Pada saat ini hampir disetiap rumah memiliki televisi sebagai salah satu media informasi. Televisi merupakan media elektronik yang tidak hanya memberikan visualisasi saja tetapi juga suara. Apalagi sekarang ini informasi dari berbagai wilayah sangat mudah didapat termasuk di luar negeri. Selain sebagai media informasi, televisi juga merupakan media hiburan.

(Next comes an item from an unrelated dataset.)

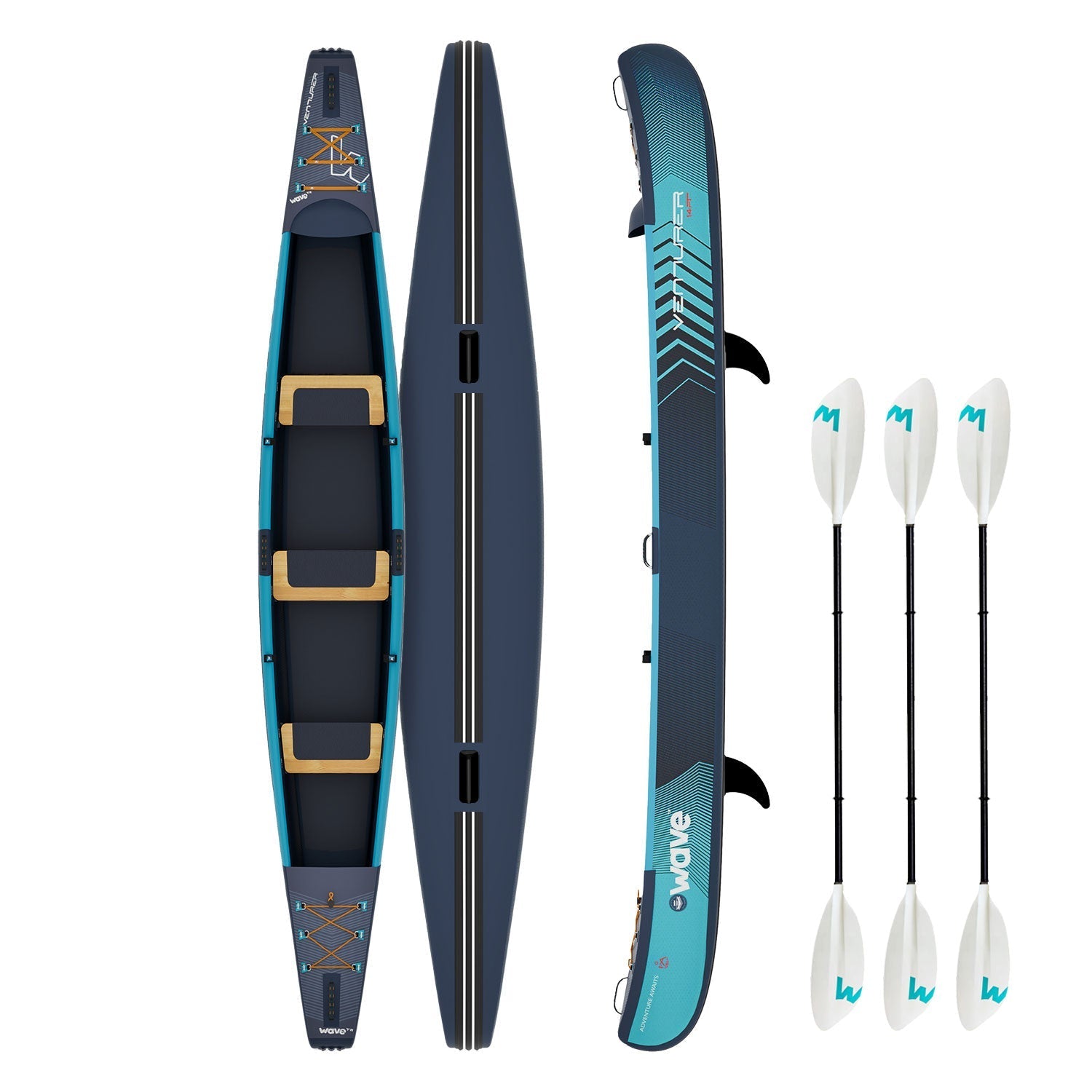 Venturer Inflatable Canoe | 2-3 Person Canoe Wave Sups data-contona-source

Televisi tidak lagi menjadi medium massa namun lebih merupakan medium peminat khusus. Ada saluran-saluran untuk mereka yang menyukai politik, sains, komedi, masak memasak, atau berbelanja. Ada juga saluran-saluran dalam bahasa Inggris, Latin, Cina, serta bahasa-bahasa lain. Walaupun demikian tidak satupun saluran sepenuhnya melayani kebutuhan pendidikan dan informasi anak-anak dari tingkat-tingkat usia yang berkaitan. Televisi umum seringkali terikat pada jadwal waktu penayangan, ketika acara anak-anak harus bersaing memperebutkan pangsa masa tayang yang sama dengan program orang-orang dewasa.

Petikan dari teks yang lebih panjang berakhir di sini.